Meu pai era uma pessoa normal, mas que ficou doente mental (quem me lê sabe). Eu senti a presença de meu pai aqui, gritando e se aborrecendo, e eu me senti mal. Depois vim a saber como acabou a pessoa que aqui morava - sozinha e alucinada. Pelo menos meu pai teve a mim, lutando contra minha raiva e resgatando o amor que eu tinha por ele.

Minha mãe está neste lugar e diz que eu tenho que aturar gente safada. Eu aturo, ok? Sabe por quê? Porque não vim para este lugar sem propósito. O beijo que recebi da locadora, sobrinha do dono,  recomendando-me cuidar deste lugar, aos prantos, me lembrou muito passados muito bem marcados. Eu recebi um beijo e um abraço, e dias depois, uma chuva de falta de educação e falta de cordialidade, assim que recebi as chaves... Lembrei de teatro.

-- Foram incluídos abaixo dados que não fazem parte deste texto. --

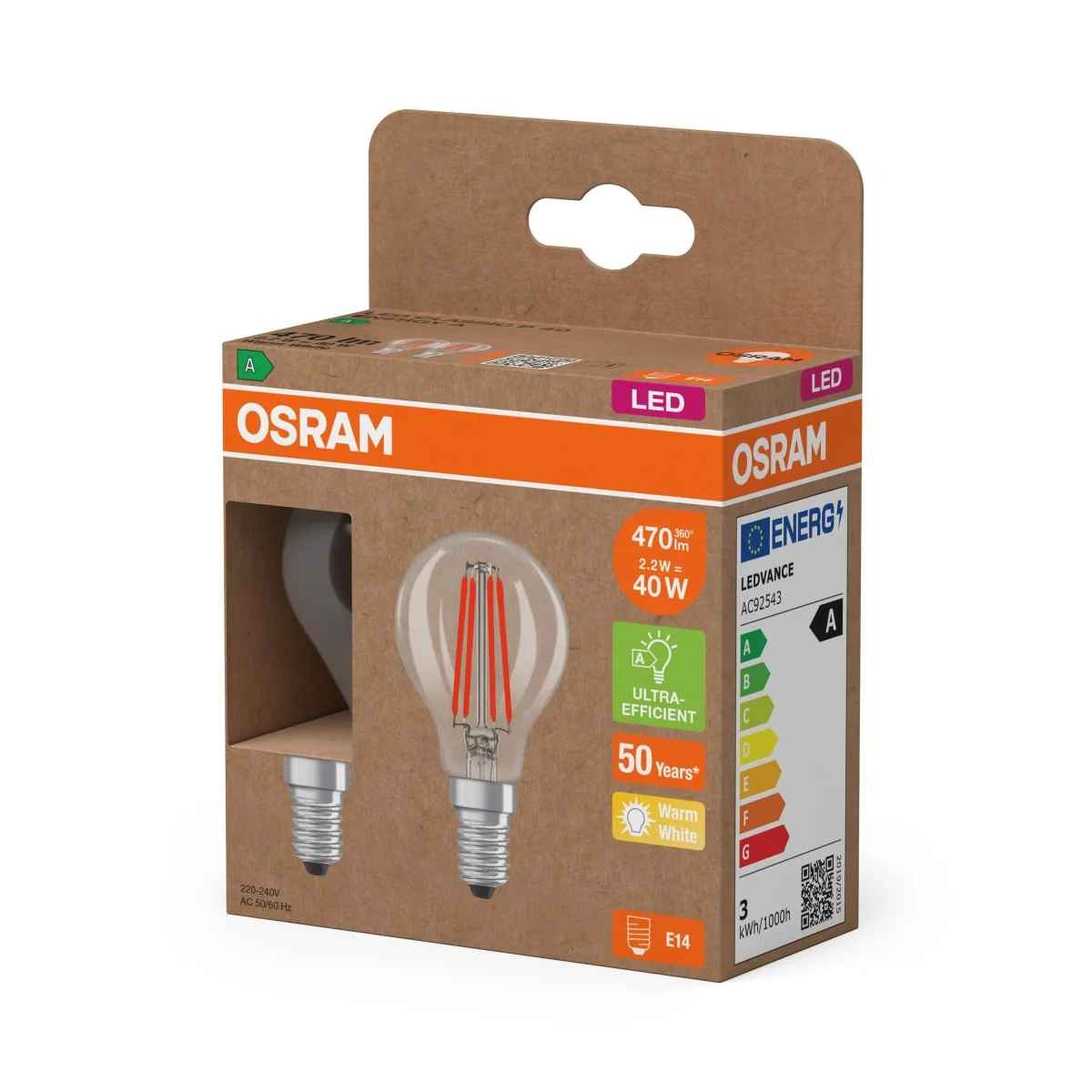 Żarówka LED OSRAM LED Classic P 40 Filament Energy efficiency class A 2.2W 827 Clear E14 - Image 2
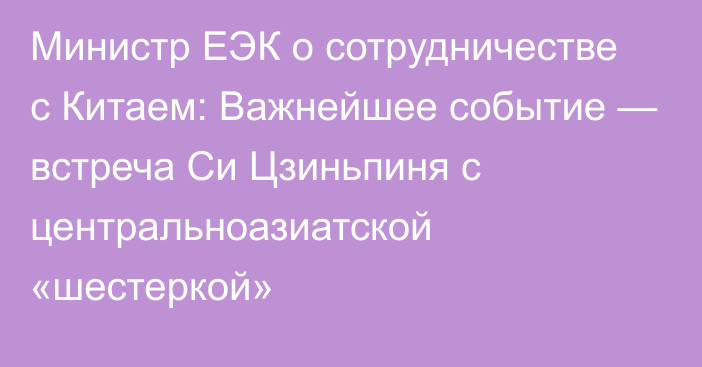 Министр ЕЭК о сотрудничестве с Китаем: Важнейшее событие — встреча Си Цзиньпиня с центральноазиатской «шестеркой»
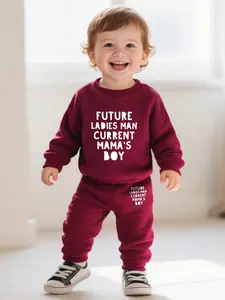 Newborn Baby Boy Girl Long Sleeve Round Neck Sweatshirt Set, Cartoon Letter Print Design, Casual, Soft, Comfortable & Cozy Fabric for Daily Wear, Fall outfit, Baby Clothing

Imagina um senhor, o antigo morador, o dono da propriedade, tentando abrir uma geladeira. Ele tinha geladeira grande como a minha? A minha é enorme, como o meu fogão e meu freezer. Tive que interditar a porta da cozinha por causa de meus aparelhos, e por isso sinto-me mais acuada ainda.

A cozinha é um lugar de criação, como é o meu computador. Na cozinha eu realizo meu outro lado, de dona de casa; faço comidinhas gostosas; desligo-me de doentes que dependem de mim e de sites que tento fazer, mas que sai todo errado.

É muito ruim cortar tomates em cima do mármore (vagaba) na pia, em meio a copos que secam... Minhas antigas cozinhas, todas as que tive, foram melhorzinhas.
 
Eu não me incomodaria, caso eu não tivesse batalhado tanto na vida, mas pelo que foi investido em mim e o que investi na vida, sem dormir e sofrendo por vidas humanas, eu devia ter, pelo menos, uma mesa pra cortar alfaces e coisas afins.

Hoje uma amiga comentou comigo que a cozinha de sua casa e a de sua casa de campo são enormes... É ruim, heim! Eu não tenho casa de campo!!! Eu só precisava de uma bancada e nada mais!

Não tenho a menor inveja de ninguém. Isso eu posso dizer do alto de minha existência. Não me dá o menor tesão de sentir inveja, porque tesão é grátis e não tem preço.

Acho o maior barato quando eu faço uma viagem idílica, que jamais ninguém fez, curtindo coisas que ninguém curtiu, mas, sinceramente, de vez em quando me faz falta ter o que tive na minha infância, de graça, sem fazer prestações, sem me preocupar com o dia de amanhã.

Tive que interromper este texto-desabafo porque minha secretária tocou a campainha. Ela, como toda pessoa extremamente competente, já trouxe a vasilha da cafeteira... Eu paguei uns 39 paus pela dita cuja. Ela comprou a merda da vasillha por 29...

Preciso morar no interior. Isso aqui tá amarrado!